11. Performance, Scaling & Cost Controls
Scaling Strategy
- Horizontal scaling of FastAPI services using stateless containers
- Authorisation endpoints with multiple workers for concurrent session handling
- Batch LLM inference for weekly reporting cadence
- Async request handling and connection pooling for concurrent user requests
Cost Controls
- Prompt size reduction via upstream aggregation (flat JSON, stop-word reduction)
- Semantic and exact-match output caching for repeated queries
- Rate limiting per user and per role
- Dynamic model routing: simpler queries routed to lower-cost models; complex synthesis to GPT-4o
- Centralised cost monitoring per model invocation
- Result: LLM inference cost reduced from $8 to $2.50 per request (65% reduction)
12. Reliability & Failure Handling
Failure Scenarios
- Partial data availability from upstream ETL
- LLM timeout or degraded response quality
- Budget or quota exhaustion
Mitigations
- Fallback to last successful cached report
- Graceful degradation with partial insights rather than full failure
- Retry logic with exponential backoff
- Alerting on anomaly detection in response quality scores
13. Security & Governance
- Role-based access control enforced at API level with SSO authentication
- No raw transactional data sent to LLM services - pre-aggregated summaries only
- Server-side cookie for session management
- Prompt sanitisation and schema-level injection prevention
- Centralised logging and audit trails for all LLM interactions
14. Monitoring & Observability
Metrics Tracked
- API latency and error rates per endpoint
- LLM invocation counts and cost per user, team, and model
- Prompt token size distribution and validation failures
- LLM-as-Judge output quality scores over time
Logs and metrics were used to continuously refine prompt design and cost–performance trade-offs.
15. Deployment & Environment Strategy
- Containerised deployment (Docker)
- Separate environments: dev, staging, production
- CI/CD with automated schema validation
- Feature flags for controlled rollout of prompt or model changes
16. Key Design Decisions Summary
| Decision | Choice | Rationale |
|---|---|---|
| Inference mode | Batch over real-time | Cost, consistency, matches weekly decision cadence |
| Agent routing | Custom FastAPI async router | Lower latency than LangGraph at production scale |
| LLM evaluation | LLM-as-Judge + human review loop | Output quality assurance before serving |
| Frontend | React over Streamlit | Enterprise RBAC, multi-user, separation of concerns |
| Data access mode | Extract-based OLAP snapshots | Predictable performance, cost control, WoW consistency |
| AI service isolation | Dedicated FastAPI service | Independent scaling, governance, provider switching |
17. Lessons Learned
- Custom routing outperforms framework abstraction at latency-sensitive scale: LangGraph provided a clean mental model but introduced overhead that conflicted with production SLAs.

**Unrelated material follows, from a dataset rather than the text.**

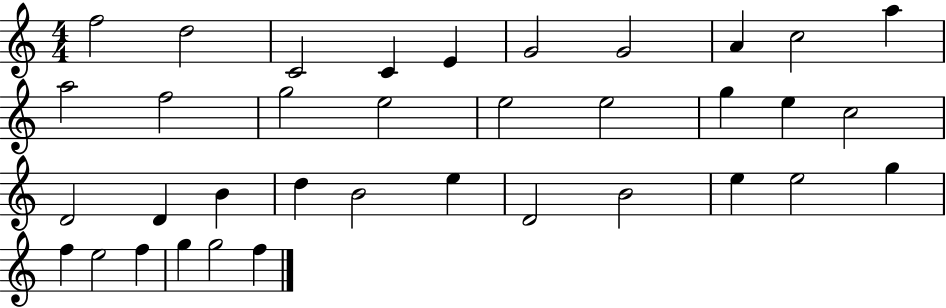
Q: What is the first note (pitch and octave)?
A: F5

For deterministic routing logic, a purpose-built async layer is the right call - not a generic agentic framework.
- LLM evaluation must be designed before go-live, not added after: The LLM-as-Judge pipeline caught systematic output quality issues in the first weeks. Without it, degraded outputs would have reached VP-level stakeholders and eroded trust in the system.

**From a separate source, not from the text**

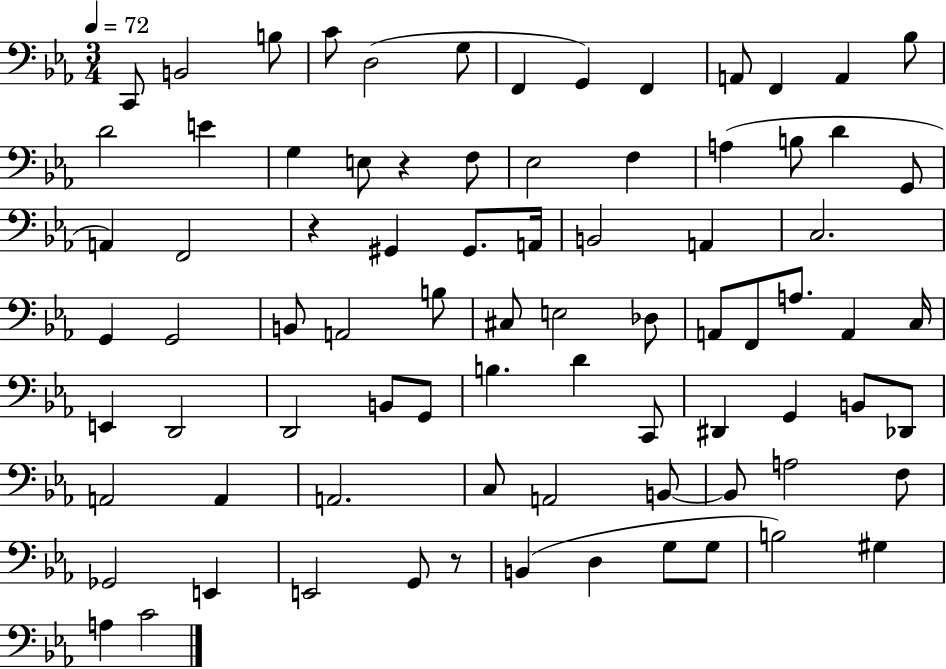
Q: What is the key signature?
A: EES major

- Semantic caching is high-ROI but has failure modes: Cache hit rate depends heavily on query normalisation. Queries with minor parameter variations (different time windows, region spellings) produced cache misses. A query normalisation layer was added post-launch to improve this.
- Prompt versioning is non-negotiable at scale: Uncontrolled prompt changes caused measurable output regressions. Versioned prompt templates with rollback capability are essential from day one.